Redistricting in Michigan is the process of drawing electoral district boundaries for Michigan's representatives in the United States House of Representatives. Redistricting occurs after each ten-year census, when the number of representatives (and thus number of districts) that Michigan is entitled to may change..

== History ==

=== 20th century ===
Republicans held legislative control of the redistricting process throughout most of the 19th and 20th centuries, with Democrats holding control only in the redistricting cycles following the census of 1850, 1890, 1970, 1980 and 1990.

==== 1990s ====
Following the 1990 United States census, Michigan lost the 18th and 17th districts.

=== 21st century ===

==== 2000s ====
Following the 2000 United States census, Michigan lost the 16th district. Republicans held control of the redistricting process.

==== 2010s ====
Following the 2010 United States census, Michigan lost the 15th district. Republicans held control of the redistricting process, using the REDMAP plan to maximize gains in legislative and congressional maps.

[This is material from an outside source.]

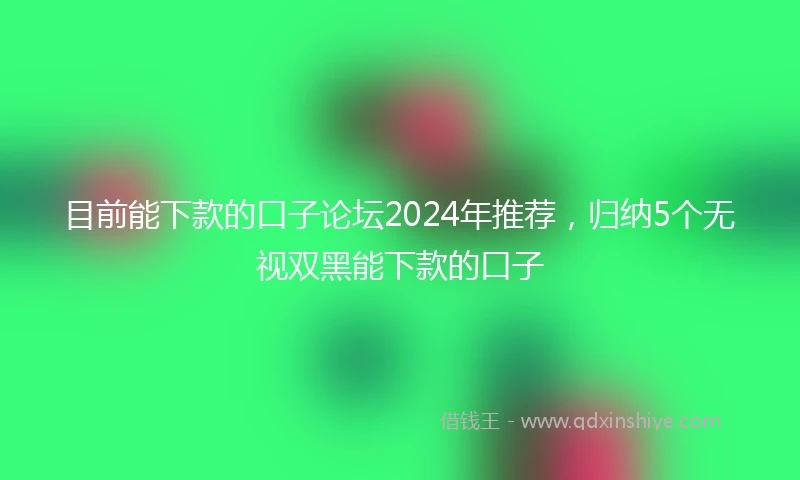 目前能下款的口子论坛2024年推荐，归纳5个无视双黑能下款的口子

In 2018, voters approved of a proposal to establish an independent redistricting commission for congressional and state legislative districts for Michigan.

==== 2020s ====
Following the 2020 United States census, Michigan lost the 14th district. Despite retaining legislative majorities in the 2020 elections, Republican legislators no longer controlled the redistricting process, as the Michigan Independent Citizens Redistricting Commission was convened to redraw legislative and congressional maps. The new district lines resulted in Detroit failing to elect a black member of Congress for the first time in nearly 70 years.

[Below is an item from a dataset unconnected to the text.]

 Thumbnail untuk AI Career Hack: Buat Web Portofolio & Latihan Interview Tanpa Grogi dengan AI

On March 23, 2022, a group of nineteen African-American Detroiters who live in thirteen different Michigan House and Senate districts in portions of Detroit sued the MICRC for violating the Equal Protection Clause of the United States Constitution and the Voting Rights Act. On December 21, 2023, a three-judge panel of the United States District Court for the Western District of Michigan determined in Agee v. Benson that the MICRC "overwhelmingly - indeed, inescapably" drew the boundaries of the plaintiffs' districts predominantly on the basis for race. The three-judge panel enjoined further use of the Michigan House and Michigan Senate maps drawn by the MICRC and ordered the maps to be redrawn.